Worse still, the bungalow was being destroyed! Rather, its contents, since the concrete walls defied the venomous troop.
They knew, at any rate, the use of fire, and not so swiftly skimmed the Pauillac as to prevent both Stern and Beatrice seeing a thin but ominous thread of smoke out-curling on the June air from one of the living-room windows.
With an imprecation of unutterable hate and rage, yet impotent to stay the ravishment of Hope Villa, Stern brought the machine round in a long spiral.
For a moment the wild, suicidal idea possessed him to land on the beach, after all, and charge the little slate-blue devils who had evidently piled all the furnishings together in the bungalow and were now burning them.
He longed for slaughter now; he lusted blood--the blood of the Anthropoid pack which from the beginning had hung upon his flank and been as a thorn unto his flesh.
He seemed to feel the joy of rushing them, an automatic in each hand spitting death, just as he had mown down the Lanskaarn in the Battle of the Wall, down below in the Abyss.

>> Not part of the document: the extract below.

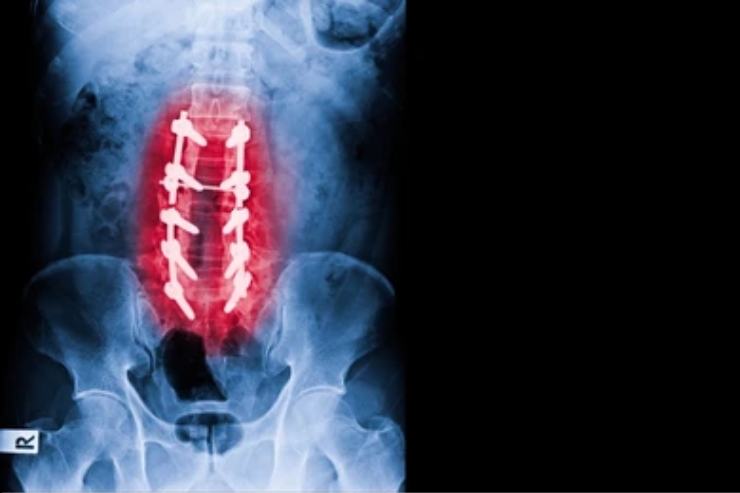 Laminectomy & Fusion (Spine Fixation)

Even though he knew the inevitable ends poisoned spear-thrust, a wound with one of those terribly envenomed arrows--he felt no fear.
Revenge! If he could only feel its sweetness, death had no terrors.
Common sense instantly sobered him and dispelled these vain ideas. The bungalow, after all, was not vital to his future or the girl's. Barring the set of encyclopedias on metal plates, everything else could be replaced with sufficient labor. Only a madman would risk a fight with such a Horde in company with a woman.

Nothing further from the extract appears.